File metadata and controls

73 lines (56 loc) · 3.23 KB

SWE-bench Evaluation

SWE-bench is the external benchmark path for validating whether this MCP runtime can support issue-fixing agents, not just unit tests. The official harness is Docker-based and evaluates prediction files containing patches.

Current Artifacts

Default local smoke conclusion: PREFLIGHT_ONLY.

Explicit official-harness attempt conclusion in this container: BLOCKED.

Recorded blocker categories:

  • Docker executable or daemon unavailable.
  • Official swebench harness unavailable or import/help path fails.
  • Checked-in baseline and candidate prediction files are schema-valid placeholders, not real model-generated patches.

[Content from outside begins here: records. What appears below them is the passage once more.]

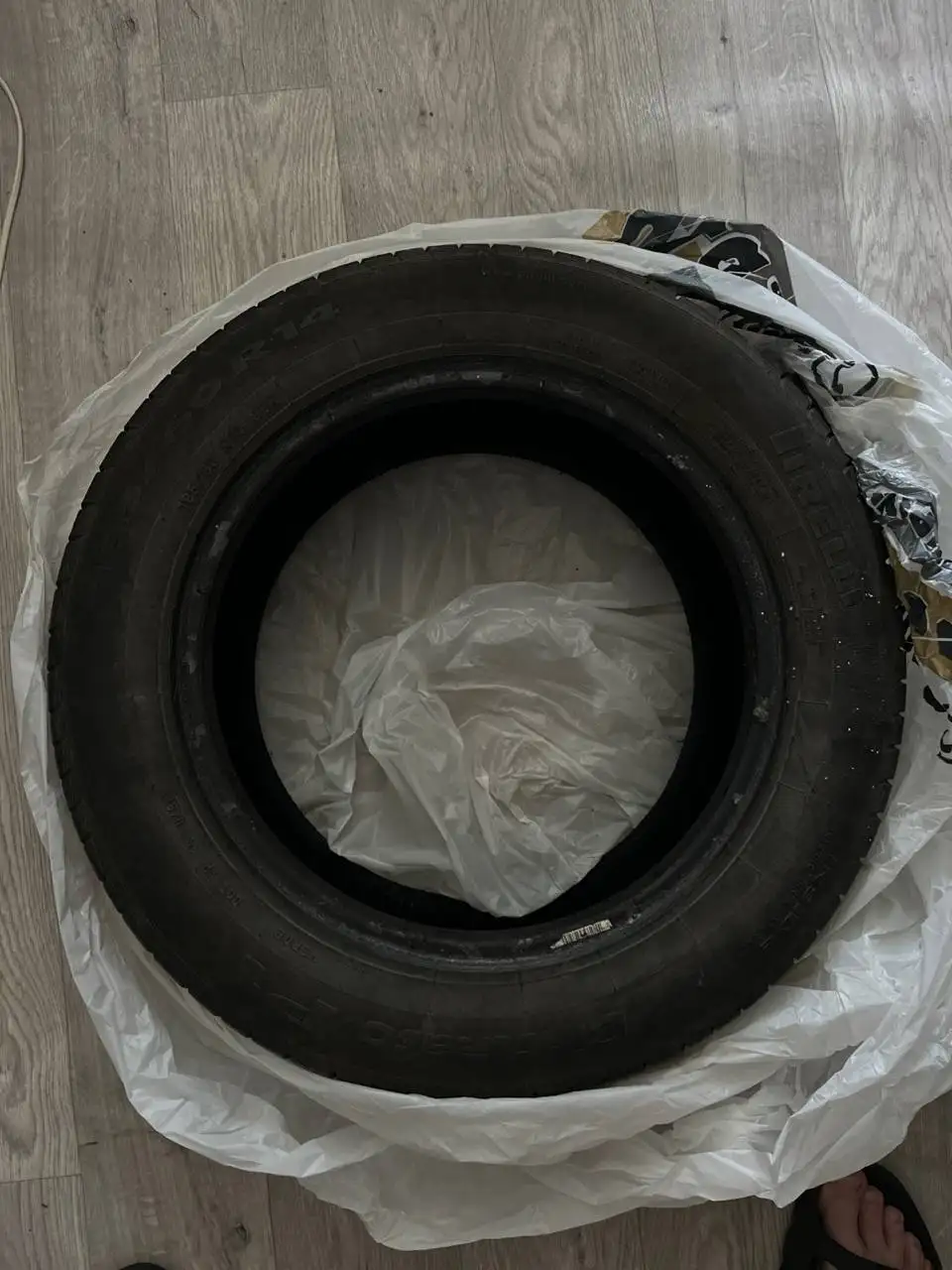 Продажа летних шин Pirelli 185/60R14 - Шины (Авто) в Казань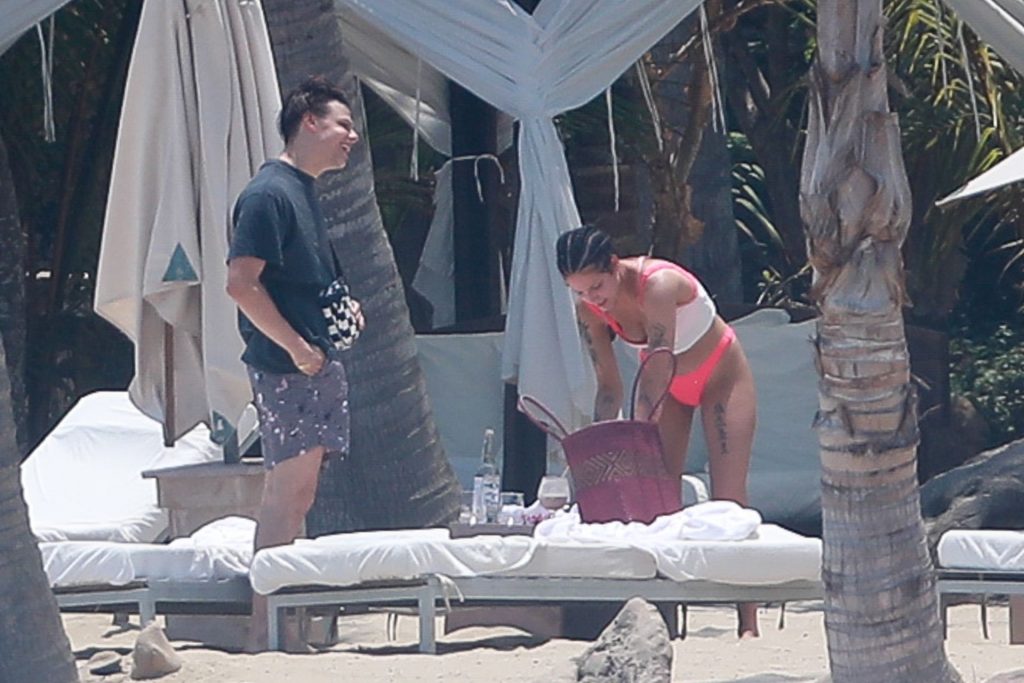 Halsey | Celeb Masta 60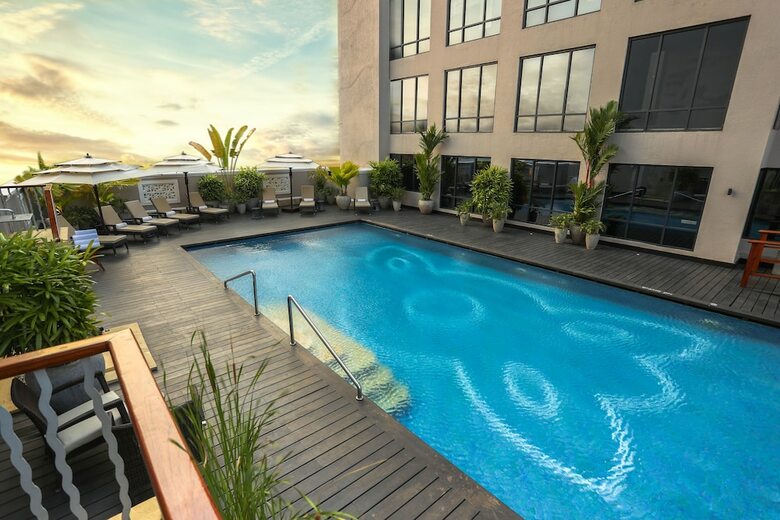 Hotel Muthoot Plaza
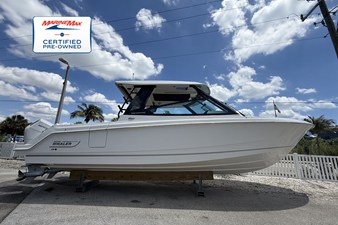 Boston Whaler 330 Vantage 0 2025 Boston Whaler 330 Vantage 1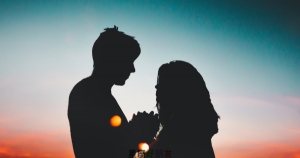 當12星座開始對你「這麼做」,肯定是「非常在乎」你的表現!就來看看有哪些表現吧!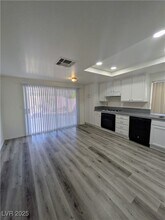 4459 Anatone Dr in Las Vegas, NV - Building Photo - Building Photo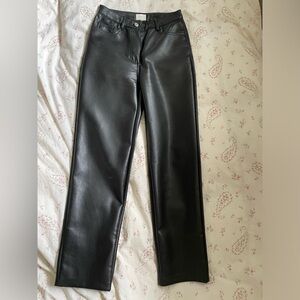 Aritzia Melina pants size 2 regular length in black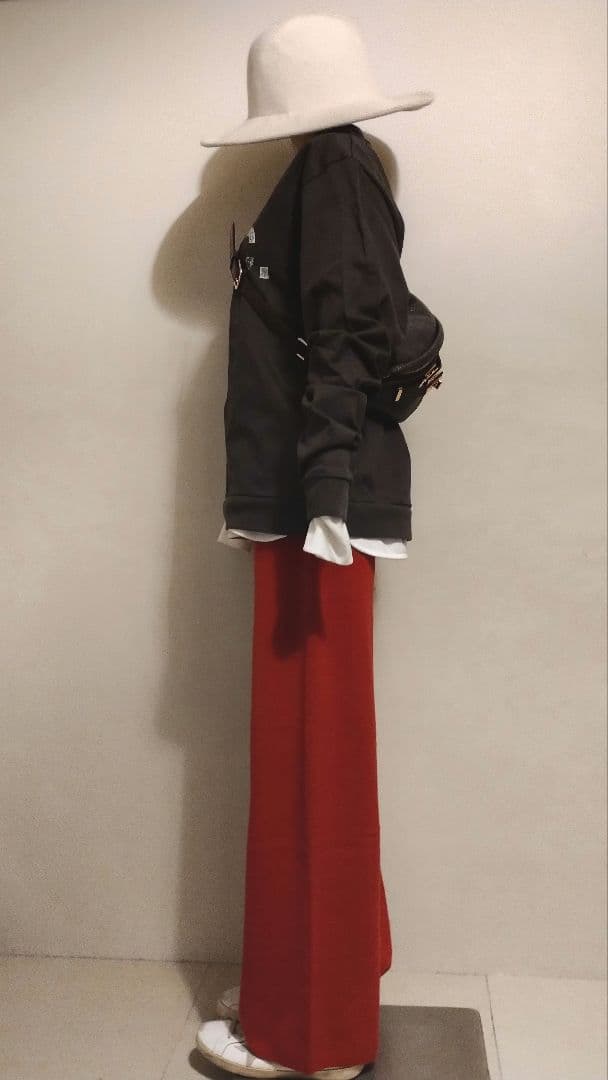 SAKURA様 C6934 A.P.Cプルオーバー×ニットパンツコーデ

The repository must not claim SWE-bench pass until official harness results exist.

The GitHub Actions swebench-lite workflow defaults to prediction_source=reference_patch. That mode generates non-empty prediction JSONL files from the SWE-bench Lite reference patches before invoking the official harness. It is an official harness sanity check with parsed resolved counts, not a native-vs-MCP model leaderboard result.

Official Attempt Command

python benchmarks/swebench/run_smoke.py \
  --install-swebench \
  --run-evaluation \
  --require-evaluation-pass \
  --instance-id sympy__sympy-12419 \
  --max-workers 1 \
  --report-json reports/benchmark/swebench-official-attempt.json \
  --report-md reports/benchmark/swebench-official-attempt.md

The preferred execution path is the manual GitHub Actions workflow, because the local Codex container may not have Docker:

gh workflow run swebench-lite.yml \
  --ref recover-rollout-2026-05-16 \
  -f instance_ids=sympy__sympy-12419 \
  -f max_workers=1 \
  -f prediction_source=reference_patch \
  -f install_swebench=true \
  -f require_evaluation_pass=true

The workflow uploads reports/benchmark/**, including raw harness stdout/stderr, captured logs/run_evaluation files, prediction paths, Docker diagnostics, and environment metadata. It fails by default unless the official harness runs with non-placeholder baseline and MCP-candidate predictions, parses resolved counts, and satisfies the comparison below. Use prediction_source=checked_in only when real model-generated prediction files have replaced the scaffold files. Use require_evaluation_pass=false only for diagnostic attempts that are expected to end in BLOCKED.

Acceptance Standard

candidate_mcp_resolved >= baseline_native_resolved

Both numbers must come from official harness output over the same dataset subset and prediction-generation budget.